Collectively, the audit committee should possess broad business, project management, financial management and/or public sector experience, and at a minimum each member should be financially literate (that is, able to read and understand financial statements). Further it is recommended by Finance that at least one member of the committee should have accounting or related financial management experience and/or qualifications, to assist in the interpretation and application of relevant accounting and auditing standards.

Functions of the audit committee

Under the PGPA Rules, the accountable authority determines the functions of an audit committee in a written charter, yet there are still minimum functions that an audit committee must perform. These include providing review and guidance on:

  • Financial reporting: this may include activities such as advising on the entity's preparation and review of its annual financial statements, the adequacy of the entity's internal budgeting and reporting, and the entity's obligations under the PGPA Act and other relevant Acts.
  • Performance reporting: this may include reviewing the framework of key performance indicators and other performance measures, or the entity's annual performance statement; or making recommendations on concerns or opportunities identified by internal or external audits.
  • System of risk oversight and management: This may include advising the entity about internal audit plans; advising about professional standards to be used by internal auditors in the course of carrying out audits; reviewing the entity's response to internal and external audits and reviewing the entities risk management framework which may include review of the entity's risk management plan and business continuity plan.
  • System of internal control: This may include reviewing the entity's compliance framework, governance arrangements and internal control environment.

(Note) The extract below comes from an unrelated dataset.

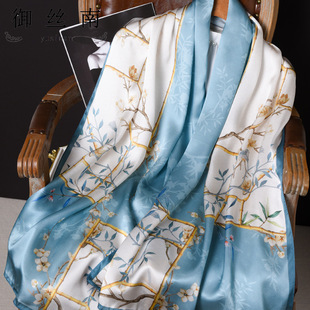 杭州丝绸丝巾女春秋优雅复古素绉缎100桑，蚕丝柔软百搭长围巾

In addition the audit committee might consider insurance needs management, compliance with ethical requirements and managing special investigations, for instance in relation to fraud.

Next steps and key considerations for Commonwealth entities

Commonwealth entities should prepare for the 1 July 2015 deadline to appoint independent audit committee members.

Audit committees provide accountable authorities with a valuable resource to discharge their obligations under the PGPA Act. Accordingly getting the audit committee membership right is obviously a priority, and entities might be wondering where they can source enough members, given the requirements and the size of the talent pool.

Importantly, neither the PGPA Act nor the PGPA Rules prohibit the appointment of non-executive Board members, other than the chair, to an audit committee of a corporate Commonwealth entity or wholly-owned Commonwealth company. Further neither the Act or the Rules prohibit the same audit committee being established for multiple Commonwealth entities or companies. This will obviously allow for efficiencies, but entities should not see this as an excuse to ignore their audit committee.

Further as the ANAO has previously warned, each public sector entity is different and each has its own governance framework, risk and control structures. [3] Accordingly the precise role that each audit committee undertakes should be determined within the context of each entity's governance framework . It could turn out to be a risky move if the same members or committees make a mistake that is then repeated across multiple entities.

Finally in addition to establishing an appropriately appointed committee, Commonwealth entities need to establish appropriate risk identification and management frameworks that can be observed and scrutinised by the audit committee.